MARY ANN MEDLER, Magistrate Judge.

This matter is before the court on the motions of the parties. Pretrial matters were referred to the undersigned United States Magistrate Judge under 28 U.S.C. § 636(b). An evidentiary hearing with regard to defendant Hendrix's pretrial motions was held on July 20, 2001.1 This case is set for trial on September 17, 2001.

At the hearing on July 20, 2001, defendant was present in person and represented by counsel, Ms. Deborah Van Arink. The government was represented by Assistant United States Attorney Antoinette Decker. Prior to the presentation of evidence, the government informed the court that there were no out of court identifications of defendant Hendrix. Therefore, defendant Hendrix's Motion to Suppress Identification should be denied as moot. [182] The government further stated that it would produce to defendant all promises of immunity, leniency or preferential treatment made by the government during this case. Therefore, defendant Hendrix's Motion to Compel Disclosure of Existence and Substantial Promises of Immunity, Leniency or Preferential Treatment will be denied as moot. [183] The government also said that after the offers of leniency are disclosed, defendant may indicate those witnesses defendant wishes to interview and they will be made available for interview. Therefore, defendant Hendrix's Motion to Interview Prospective Government Witnesses will be denied as moot. [184]

1. Defendant Hendrix's Motion for Severance from Co-defendants at Trial [185]

Defendant has moved for severance of defendants pursuant to Rules 8(d) and 14 of the Federal Rules of Criminal Procedure. In determining whether a defendant is entitled to a separate trial, the court must decide whether joinder was proper under Rule 8 and whether joinder is likely to have a "substantial and injurious effect or influence in determining the jury's verdict." United States v. Lane, 474 U.S. 438, 449 (1986), quoting Kotteakos v. United States, 328 U.S. 750, 776 (1946).

Joinder under Rule 8(b) requires that there be a factual interrelationship among all the joined defendants and counts.
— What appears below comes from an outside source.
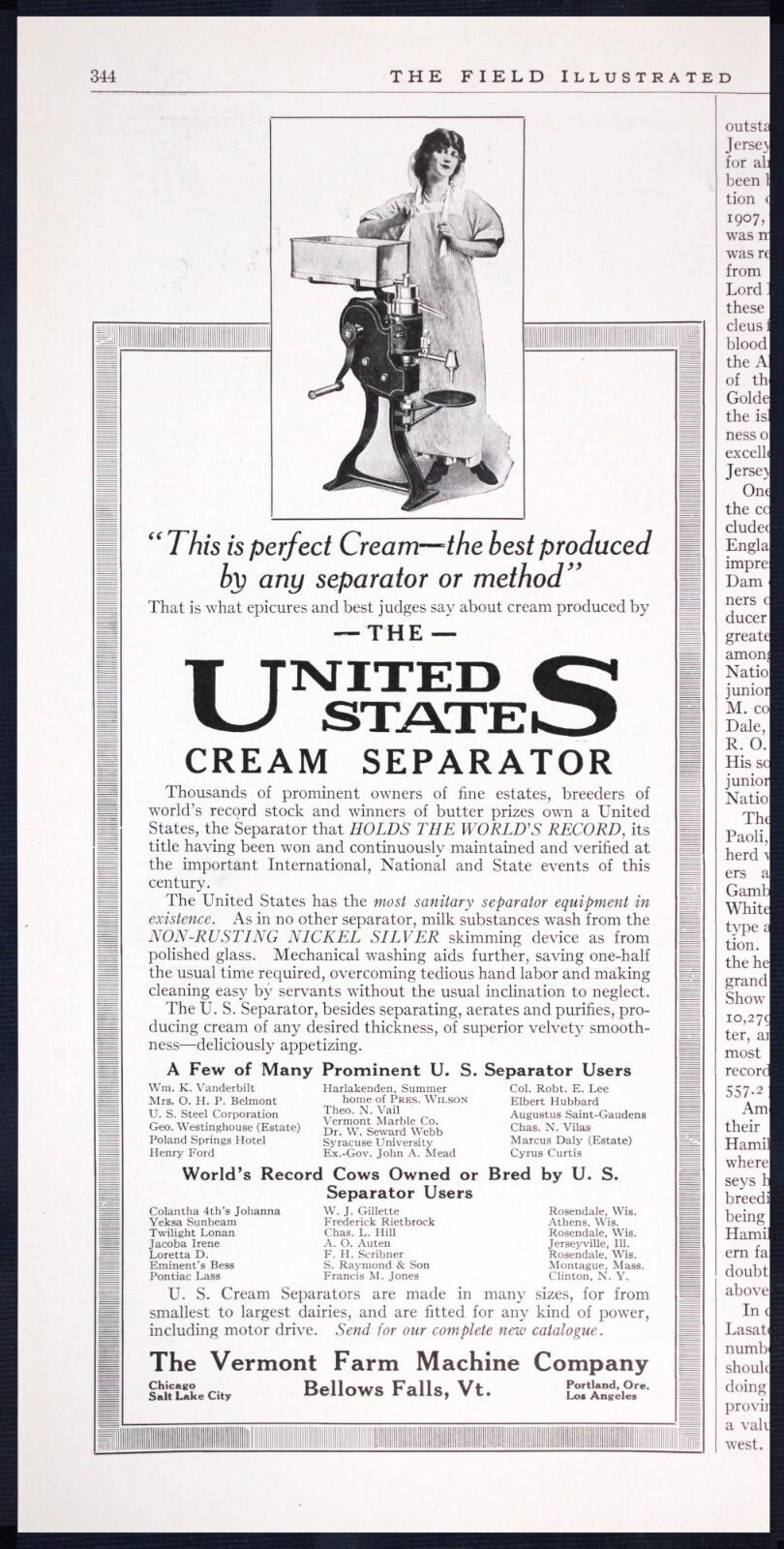 1915 U.S. CREAM SEPARATOR World&rsquo;s Record Vermont Farm Machine Co. Vtg PRINT AD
E.g., United States v. Bledsoe, 674 F.2d 647, 656-57 (8th Cir.), cert. denied, 459 U.S. 1040 (1982). In determining before trial whether or not joinder was proper, the court must see whether this factual interrelationship is alleged in the Indictment. Id. at 655; United States v. Andrade, 788 F.2d 521, 529 (8th Cir.), cert. denied, 479 U.S. 963 (1986); see also United States v. Jones, 880 F.2d 55, 62-63 (8th Cir. 1989). In this case, the actions of the defendants are factually interrelated. The Indictment alleges in Count I a conspiracy between and among the fourteen named defendants to knowingly and intentionally possess with intent to distribute crack cocaine and cocaine. Count II alleges a specific instance on which defendant Hendrix possessed with intent to distribute cocaine and Count III alleges a specific instance on which defendant Hendrix possessed with intent to distribute crack cocaine. Count VI alleges another specific instance on which defendant Hendrix possessed with intent to distribute cocaine. Other Counts allege specific instances of possession with intent to distribute by the other defendants. It is apparent on the face of the Indictment that joinder is proper.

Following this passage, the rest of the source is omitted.